Teologia della liturgia significa inoltre che nella liturgia il Logos stesso ci parla e non solo parla: viene con il Suo corpo, la Sua anima, la Sua carne, il Suo sangue, la Sua divinità, la Sua umanità per unirci a Lui, per fare di noi “un solo corpo”. Nella liturgia cristiana tutta la storia della salvezza, anzi tutta la storia della ricerca umana di Dio, è presente, viene assunta e portata al suo compimento. La liturgia cristiana è una liturgia cosmica – abbraccia la creazione intera che attende con impazienza la rivelazione dei figli di Dio (Rm 8, 19).

Trento non si ingannò, si appoggiò sul solido fondamento della Tradizione della Chiesa.
(da La teologia della liturgia, Conferenza tenutasi nel monastero di Fontgombault dell’allora Cardinale Joseph Ratzinger, svoltasi presso l’Abbazia benedettina di “Notre Dame de Fontgombault”, in Francia, 22-24 luglio 2001)

Penso che ciò che avviene nel Battesimo si chiarisca per noi più facilmente, se guardiamo alla parte finale della piccola autobiografia spirituale, che san Paolo ci ha donato nella sua Lettera ai Galati. Essa si conclude con le parole che contengono anche il nucleo di questa biografia: “Non sono più io che vivo, ma Cristo vive in me” (Gal 2, 20). Vivo, ma non sono più io. L’io stesso, la essenziale identità dell’uomo – di quest’uomo, Paolo – è stata cambiata. Egli esiste ancora e non esiste più. Ha attraversato un “non” e si trova continuamente in questo “non”: Io, ma “non” più io. Paolo con queste parole non descrive una qualche esperienza mistica, che forse poteva essergli stata donata e che, semmai, potrebbe interessare noi dal punto di vista storico. No, questa frase è l’espressione di ciò che è avvenuto nel Battesimo. Il mio proprio io mi viene tolto e viene inserito in un nuovo soggetto più grande.

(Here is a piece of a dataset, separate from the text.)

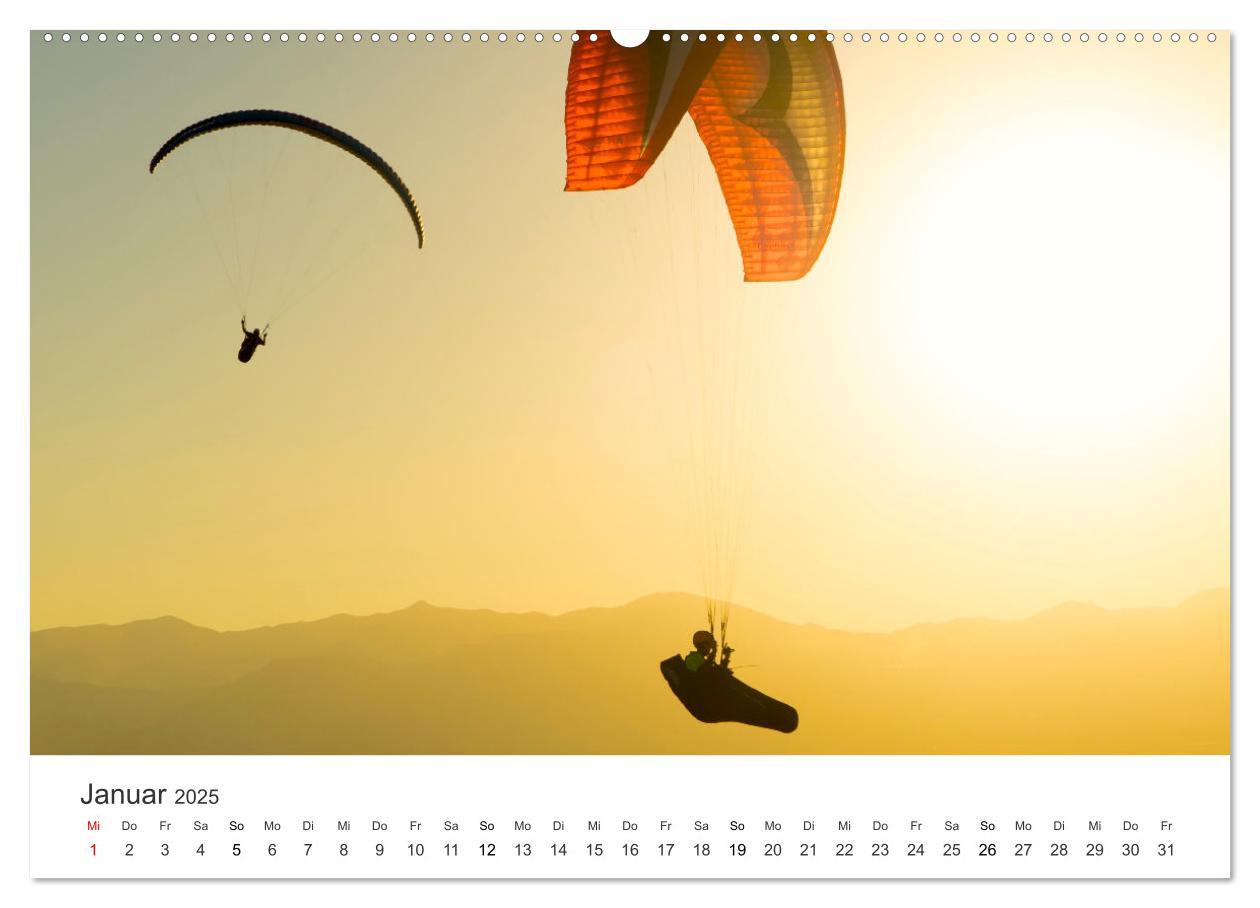 Bild: 9783383957604 | Paragleiten - Der Wunsch vom Fliegen. (Wandkalender 2025 DIN A2...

Allora il mio io c’è di nuovo, ma appunto trasformato, dissodato, aperto mediante l’inserimento nell’altro, nel quale acquista il suo nuovo spazio di esistenza. Paolo ci spiega la stessa cosa ancora una volta sotto un altro aspetto quando, nel terzo capitolo della Lettera ai Galati, parla della “promessa” dicendo che essa è stata data al singolare – a uno solo: a Cristo. Egli solo porta in sé tutta la “promessa”. Ma che cosa succede allora con noi? Voi siete diventati uno in Cristo, risponde Paolo (Gal 3, 28). Non una cosa sola, ma uno, un unico, un unico soggetto nuovo. Questa liberazione del nostro io dal suo isolamento, questo trovarsi in un nuovo soggetto è un trovarsi nella vastità di Dio e un essere trascinati in una vita che è uscita già ora dal contesto del “muori e divieni”. La grande esplosione della risurrezione ci ha afferrati nel Battesimo per attrarci. Così siamo associati ad una nuova dimensione della vita nella quale, in mezzo alle tribolazioni del nostro tempo, siamo già in qualche modo introdotti. Vivere la propria vita come un continuo entrare in questo spazio aperto: è questo il significato dell’essere battezzato, dell’essere cristiano. È questa la gioia della Veglia pasquale.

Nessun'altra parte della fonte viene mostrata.